Du meilleur moyen de voter

Le Matin 25-04-2017 5384

Du meilleur moyen de voter
Une image avec son message pour la campagne détournés par les réseaux sociaux.

A propos des prochaines élections législatives, des observations de Nacer Djabi, chercheur en sociologie politique (http://www.elwatan.com) sont très intéressantes à lire et méditer. Il conclut : "Et si le changement ne s’opère pas par les partis et les couches moyennes à travers des élections, il va se faire par la rue et dans la violence."

A plus ou moins courte échéance, ce pronostic est plausible. Mais, si la première alternative semble difficile à naître, et si l’on veut éviter la seconde, n’y aurait-il donc pas d’autre solution ?

Certes, elle ne consisterait ni en un immédiat lendemain qui chante, ni en un Grand Soir qui change tout. Mais en un travail long, patient, à long terme, se réalisant chaque jour.

Il ne sera pas, évidemment, l’œuvre de ceux qui vivent de privilèges octroyés par le système socio-politique actuel : les bureaucrates, les notables et les nouveaux riches. C’est logique. Les partis dit d’opposition ne montrent pas, non plus, de capacité à réaliser un réel changement.

Alors, qui ?

Ceux qui, selon Djabi, ne participent largement pas au vote, "les jeunes diplômés et lettrés", et "l’Algérie réelle, qui travaille et qui étudie". Ces catégories de citoyens savent, comme l’affirme Djabi, que l’action réellement utile ne se déroulent pas dans le cadre du système électoral actuel.
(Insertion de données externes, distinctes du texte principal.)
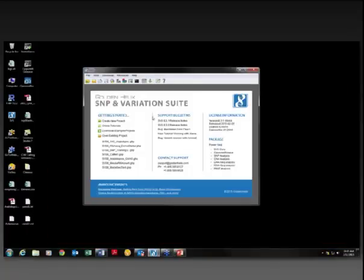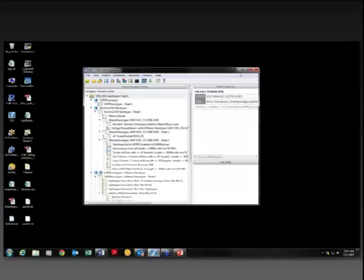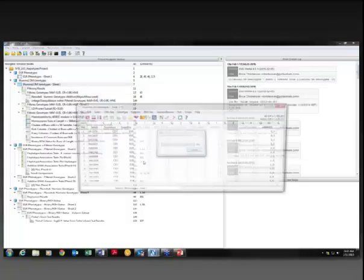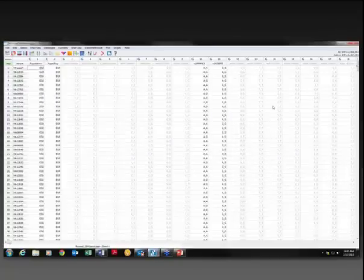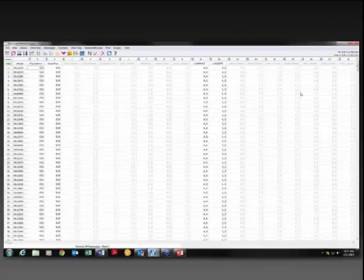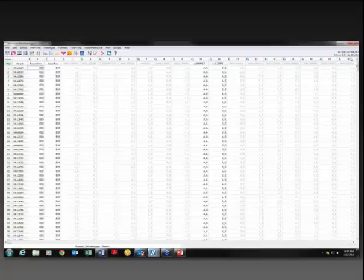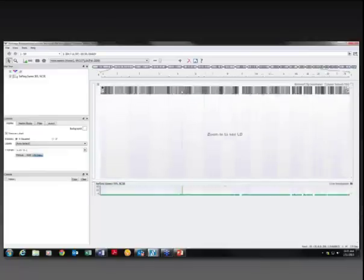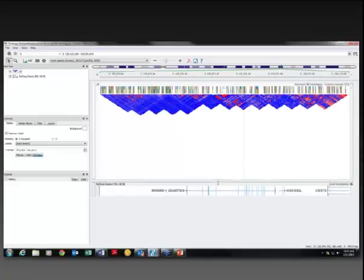SVS is a project-oriented software tool. I'm going to open a project that already has a lot of data in it. The data we're looking at today is from the Illumina 2.5M genotyping platform, from the 1000 Genomes Phase 3 project. I've selected just the European samples — 649 of them. The entire SNP set consists of about 2.5 million SNP markers. I applied some simple filters based on call rate and allele frequency, reducing it to just over a million highly polymorphic SNPs.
Alors, comment peuvent-ils ne pas tomber dans la résignation et agir pour un changement social réel dans le pays, en faveur des démunis, à savoir la majorité du peuple, en les affranchissant de l’emprise dominatrice et manipulatrice des nouveaux riches, privés, et des notables de la caste étatique ?

Il me semble que l’histoire, mondiale et du pays, fournit l’enseignement nécessaire.

L’action utile se trouve principalement et d’abord dans les actions citoyennes de base, collectives, sur les lieux de travail, d’études et de vie. Dans les syndicats, dans les comités populaires, dans toutes les formes d’associations autogérées, autrement dit composées de citoyens libres et autonomes, acceptant d’agir de manière libre et solidaire.

Certes, ce genre d’activités a un aspect modeste ; il n’intéresse généralement pas les médias, obnubilés par les conflits au sommet de la hiérarchie. Ce genre d’activités, également, exige du temps, s’étale sur la longue durée, tout en fournissant des résultats partiels. Ils ne sont pas à négliger, ils forment les premiers flocons de la boule de neige que sera la naissance d’un large mouvement citoyen.

Il ne devra pas être chapeauté par des hiérarques de partis, quelles que soient leurs bonnes intentions, parce que les partis existent pour satisfaire d’abord les privilèges de leurs chefs, ensuite et si possible, de leurs militants.

Le mouvement citoyen, lui, devra veiller à fonctionner de la manière la plus libre, démocratique et solidaire possibles. Les expériences autogestionnaires algériennes et dans le monde sont de précieuses sources d’inspiration. Elles démontrent que c’est possible si on est convaincu du but, et qu’on possède une méthode pour le concrétiser.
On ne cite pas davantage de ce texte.